Shortest Common Supersequence

Updated on 09 July, 2025
Shortest Common Supersequence  header image

Problem Statement

Given two input strings, str1 and str2, the task is to find and return the shortest possible string that contains both str1 and str2 as subsequences. A subsequence of a string t is derived by deleting some characters (which could also be zero deletions) from t without changing the order of the remaining characters. The problem requires not only finding such a string but ensuring that it is the shortest possible string which can encompass both the input strings as its subsequences. If multiple such shortest strings exist, returning any one of them is acceptable.

Examples

Example 1

Input:

str1 = "abac", str2 = "cab"

Output:

"cabac"

Explanation:

str1 = "abac" is a subsequence of "cabac" because we can delete the first "c".
str2 = "cab" is a subsequence of "cabac" because we can delete the last "ac".
The answer provided is the shortest such string that satisfies these properties.

Example 2

Input:

str1 = "aaaaaaaa", str2 = "aaaaaaaa"

Output:

"aaaaaaaa"

Constraints

  • 1 <= str1.length, str2.length <= 1000
  • str1 and str2 consist of lowercase English letters.

Approach and Intuition

To solve the problem of finding the shortest string containing two given strings as subsequences, we can utilize the concept similar to the "Shortest Common Supersequence". Below are some steps and considerations based on the given examples and constraints:

  1. Understanding Subsequences and Superssequences:

    • A subsequence is formed by deleting certain characters of a string, without rearranging the order of the remaining characters.
    • A supersequence of two strings is a single string that contains each of the given strings as a subsequence.
  2. Utilizing Dynamic Programming:

    • We can use a dynamic programming approach akin to solving the "Longest Common Subsequence" (LCS) problem.
    • Generally, the length of the shortest common supersequence can be determined by len(str1) + len(str2) - LCS(str1, str2).
    • By finding the LCS, we identify the overlap or the common sequence between the two strings that need not be repeated in our supersequence.
  3. Constructing the Shortest Supersequence:

    • After calculating the LCS, construct the shortest supersequence by iterating through both strings.
    • Add non-LCS characters while ensuring that the characters from the LCS are added in the correct sequence.
  4. Consider Edge Cases:

    • If either string is a subsequence of the other, then the longer string is the shortest supersequence.
    • Ensure that each character is included from both strings in such a way that they remain subsequences in the resultant string.

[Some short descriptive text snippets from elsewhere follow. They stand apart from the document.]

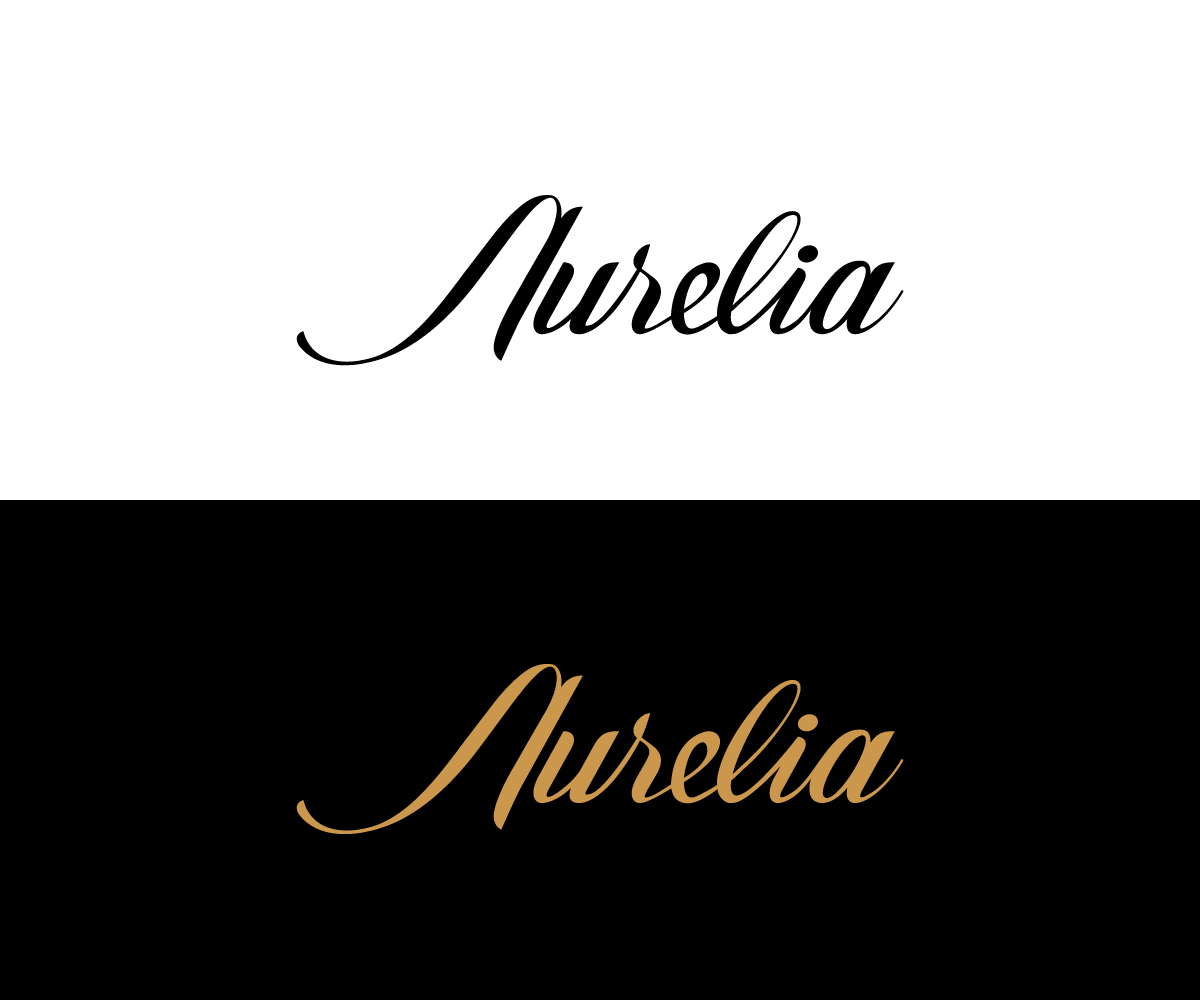 Design de Logo par JFsaing pour ce projet | Design #31166345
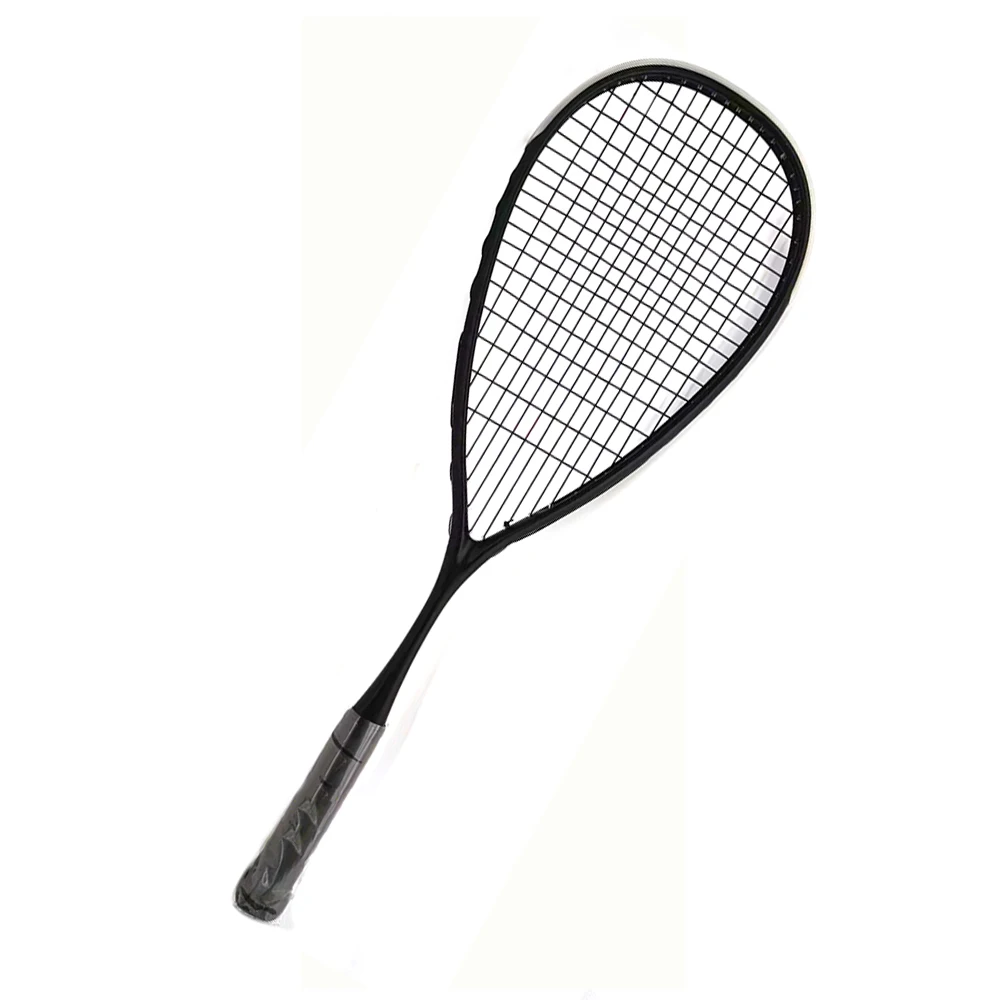 squash racket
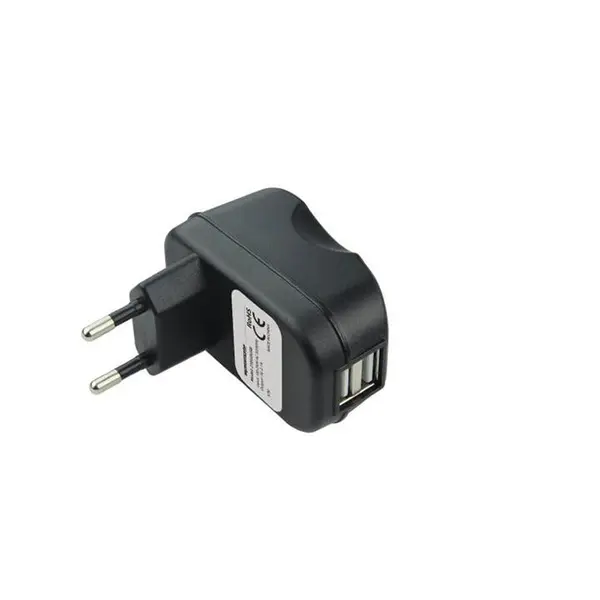شارژر دیواری پرومیت مدل Surge-EU2 Promate Surge-EU2 Wall Charger - 3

Applying these principles will allow us to construct a solution that efficiently finds the shortest string in which both input strings are subsequences. The dynamic programming approach ensures that we handle strings of lengths up to the constraint limits efficiently.

Solutions

  • C++
cpp
class Solution {
public:
    string findShortestSupersequence(string firstStr, string secondStr) {
        int lenFirst = firstStr.length();
        int lenSecond = secondStr.length();
    
        vector<vector<int>> dpMatrix(lenFirst + 1, vector<int>(lenSecond + 1, 0));
    
        // Edge cases initialization
        for (int i = 0; i <= lenFirst; i++) {
            dpMatrix[i][0] = i;
        }
        for (int j = 0; j <= lenSecond; j++) {
            dpMatrix[0][j] = j;
        }
    
        // Populating the DP matrix
        for (int i = 1; i <= lenFirst; i++) {
            for (int j = 1; j <= lenSecond; j++) {
                if (firstStr[i - 1] == secondStr[j - 1]) {
                    dpMatrix[i][j] = dpMatrix[i - 1][j - 1] + 1;
                } else {
                    dpMatrix[i][j] = min(dpMatrix[i - 1][j], dpMatrix[i][j - 1]) + 1;
                }
            }
        }
    
        string resultSequence = "";
        int i = lenFirst, j = lenSecond;
    
        // Tracing back to find the common supersequence
        while (i > 0 && j > 0) {
            if (firstStr[i - 1] == secondStr[j - 1]) {
                resultSequence += firstStr[i - 1];
                i--;
                j--;
            } else if (dpMatrix[i - 1][j] < dpMatrix[i][j - 1]) {
                resultSequence += firstStr[i - 1];
                i--;
            } else {
                resultSequence += secondStr[j - 1];
                j--;
            }
        }
    
        // Append any remaining characters from either string
        while (i > 0) {
            resultSequence += firstStr[i - 1];
            i--;
        }
        while (j > 0) {
            resultSequence += secondStr[j - 1];
            j--;
        }
    
        reverse(resultSequence.begin(), resultSequence.end());
        return resultSequence;
    }
};

The goal is to determine the Shortest Common Supersequence (SCS) of two strings using C++. Here's how the provided code accomplishes this task effectively utilizing dynamic programming (DP):

  • Initialize Variables and DP Matrix:

    • Capture the lengths of the two input strings, firstStr and secondStr.
    • Create a DP matrix dpMatrix sized (lenFirst+1 x lenSecond+1) initialized to zero, to store the length of the SCS at each substring intersection.
  • Base Case Setup:

    • Set up the base cases in the DP matrix. This involves setting the edges where one of the strings is of zero length. If firstStr or secondStr is empty, the length of the SCS is simply the length of the other string at that point.
  • Fill the DP Matrix:

    • Iterate over each character of both strings. For each pair of indices (i, j):
      • If characters from both strings match, set dpMatrix[i][j] as dpMatrix[i-1][j-1] + 1.
      • If they don't match, choose the minimum length from either removing a character from firstStr or secondStr and add one to it.
  • Construct the SCS:

    • Start from the bottom-right corner of the matrix (lenFirst, lenSecond) and trace back to the top-left corner.
    • Append characters to the resultSequence based on the matrix values, prioritizing matches and then minimum edits.
  • Handle Remaining Characters:

    • After reaching one of the top rows or columns, append the remaining characters from either firstStr or secondStr directly to the resultSequence.
  • Reverse and Return:

    • Since the sequence is constructed backwards, reverse resultSequence to get the final SCS.
    • Return the correct sequence as the result.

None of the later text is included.